### Records for the exercise ###
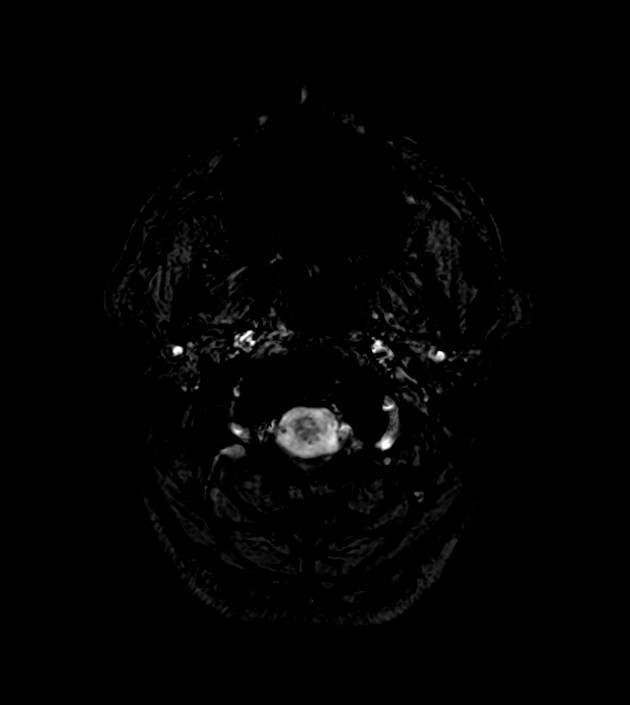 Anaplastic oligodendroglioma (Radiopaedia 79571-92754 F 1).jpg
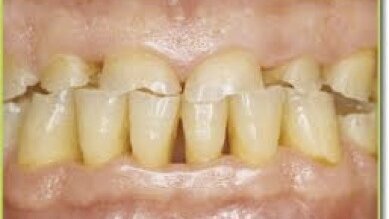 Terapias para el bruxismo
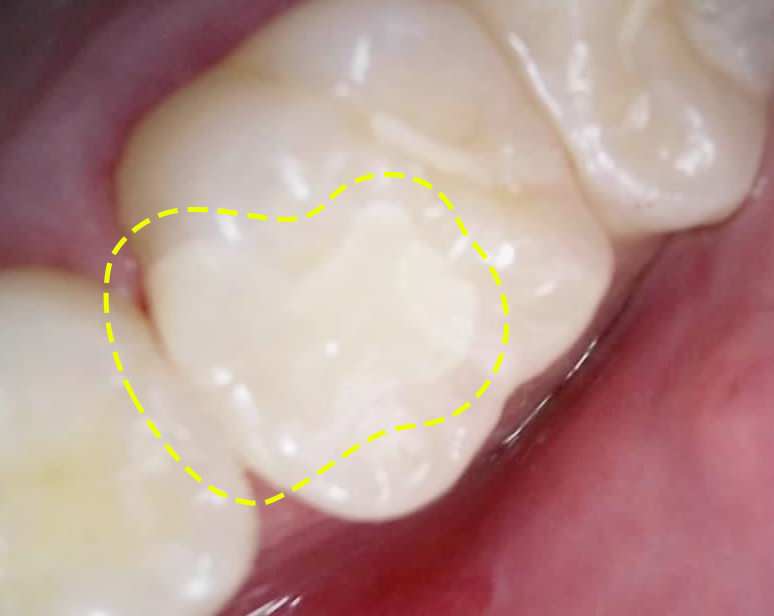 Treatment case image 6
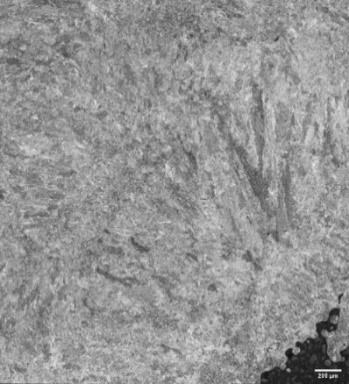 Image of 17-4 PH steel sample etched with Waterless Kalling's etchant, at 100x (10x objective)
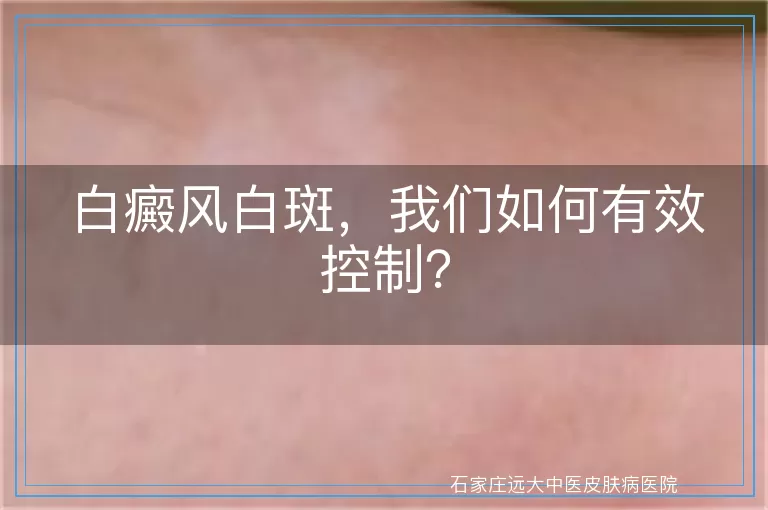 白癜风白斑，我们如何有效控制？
###
## Problem statement
All of the entries above should be copied exactly, except for the pictures.

## Written solution
 Anaplastic oligodendroglioma (Radiopaedia 79571-92754 F 1).jpg
 Terapias para el bruxismo
 Treatment case image 6
 Image of 17-4 PH steel sample etched with Waterless Kalling's etchant, at 100x (10x objective)
 白癜风白斑，我们如何有效控制？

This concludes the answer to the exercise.